Complete step by step solution:
Displacement is defined as the shortest possible distance between any two positions. Whereas the rate of change of displacement with respect to time is known as velocity. Also, the rate of change of velocity with respect to time is known as acceleration.
If we don’t talk in instantaneous terms, velocity is known as the single differential of displacement. And, acceleration is defined as a single differential of velocity or double differential of displacement. This can also be written as,
$v = \dfrac{{dS}}{{dt}}$
$a = \dfrac{d}{{dt}}\left( {\dfrac{{dS}}{{dt}}} \right) = \dfrac{{{d^2}S}}{{d{t^2}}} = \dfrac{{dv}}{{dt}}$
Where, $S =$Displacement,
$t =$Time,
$v =$Velocity, and
$a =$Acceleration.
Sir Isaac Newton gave three equations of motion which stand true for all the motions in one dimension. These three equations are,
$v = u + at$
$S = ut + \dfrac{1}{2}a{t^2}$
${v^2} = {u^2} + 2aS$
Where, $v =$Final velocity,
$u =$Initial velocity,
$a =$Acceleration,
$t =$Time taken, and
$S =$Displacement.
Now in this particular case, the car is already $200m$ behind the bus. So let’s say the bus covers a displacement of $S$ when the car catches onto it in time $t$. Now for the car to catch onto the bus, it has to cover $\left( {S + 200} \right)m$ in time $t$. So for the bus,
$S = {u_B}t + \dfrac{1}{2}{a_B}{t^2}$
Where, ${u_B} =$Initial Velocity of Bus$= 0m{s^{ - 1}}$
${a_B} =$Acceleration of Bus$= 2m{s^{ - 2}}$
$\Rightarrow S = 0 \times t + \dfrac{1}{2} \times 2 \times {t^2}$
$\Rightarrow S = {t^2}$
$\Rightarrow t = \sqrt S$ . . . . . . . . . Equation $\left( 1 \right)$
Now for the car,
$S + 200 = {u_C}t + \dfrac{1}{2}{a_c}{t^2}$
Where, ${u_C} =$Initial Velocity of Car$= 0m{s^{ - 1}}$
${a_C} =$Acceleration of Car$= 4m{s^{ - 2}}$
$\Rightarrow S + 200 = 0 \times t + \dfrac{1}{2} \times 4 \times {t^2}$
$\Rightarrow S + 200 = 2{t^2}$
$\Rightarrow t = \sqrt {\dfrac{{S + 200}}{2}}$ . . . . . . . . Equation $\left( 2 \right)$
Equating both the equations,
$\sqrt S = \sqrt {\dfrac{{S + 200}}{2}}$
$\Rightarrow S = \dfrac{{S + 200}}{2}$
$\Rightarrow 2S = S + 200$
$\Rightarrow S = 200m$
Now putting this value in equation $\left( 1 \right)$,
$t = \sqrt {200} s$
$\therefore t = 10\sqrt 2 s$

Therefore, option A is the correct answer.

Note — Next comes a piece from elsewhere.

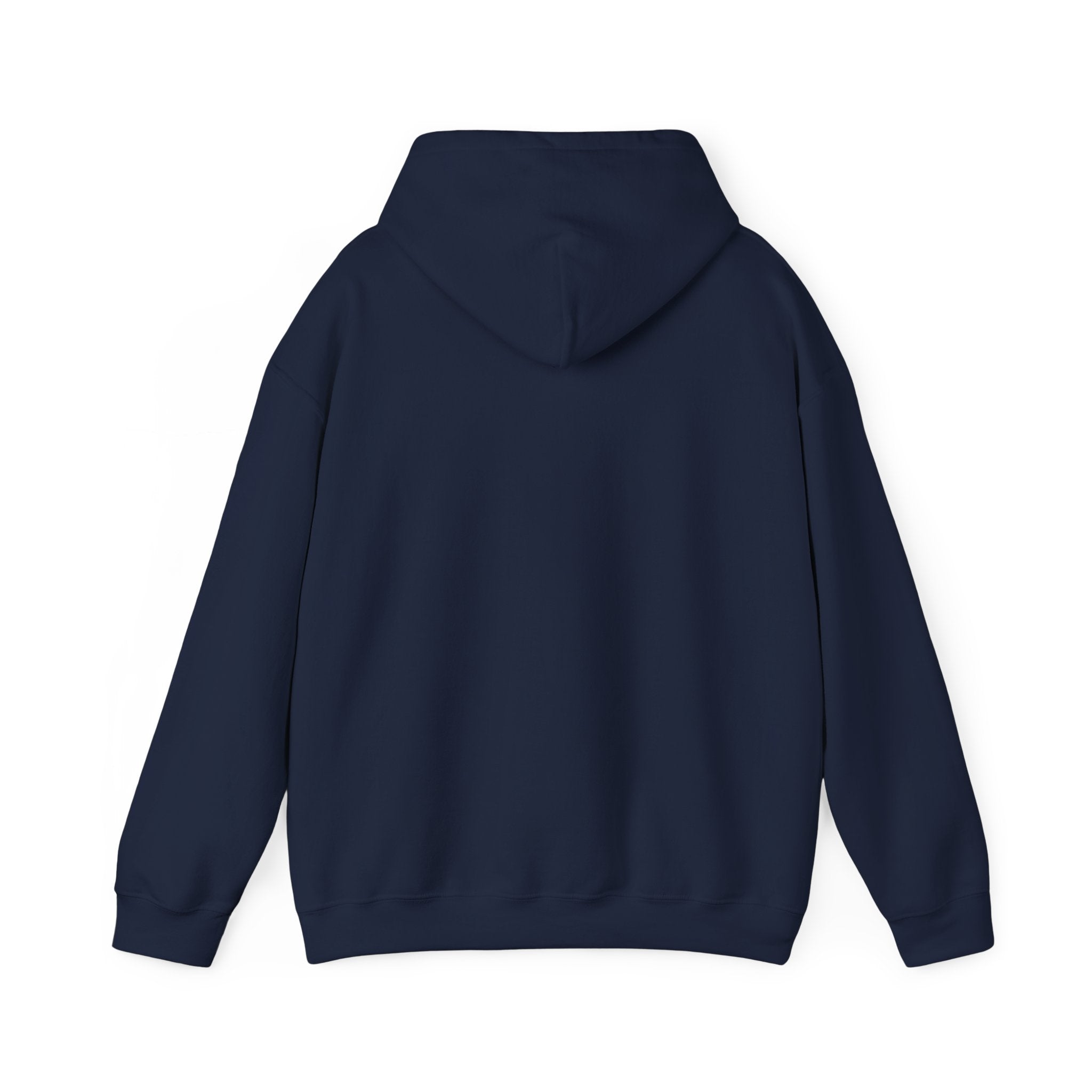 Unisex Blanks Heavy Blend Hooded Sweatshirt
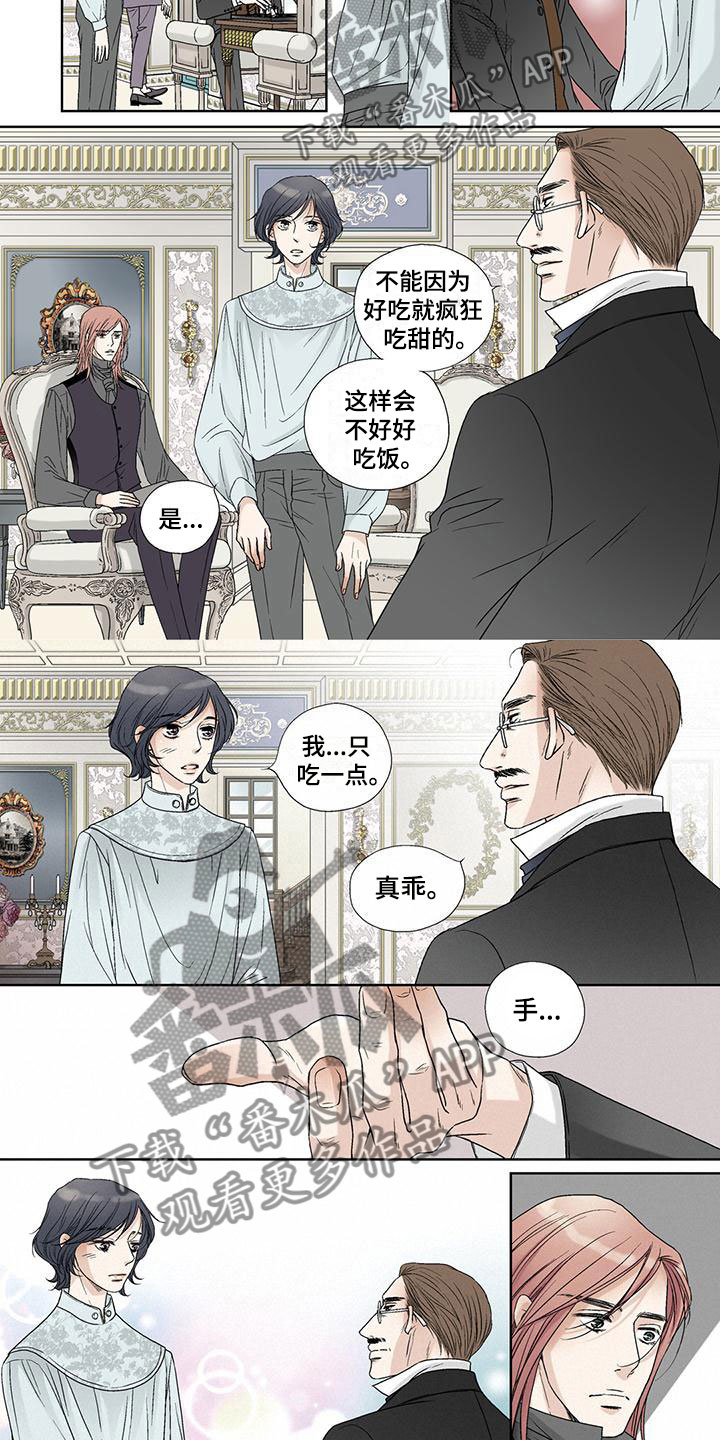 第14章：手1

Note: These equations are true for one dimensional motion but for two or more dimensional motion several other parameters come into play. Also the parameters we use in the one dimensional motion are used differently in two dimensional motion. For example, in one dimensional motion, the vectors of displacement, velocity and acceleration have only two options, either they act along the direction of motion or against the direction of motion. But in two dimensional motion, all the three vectors can act in an infinite number of directions.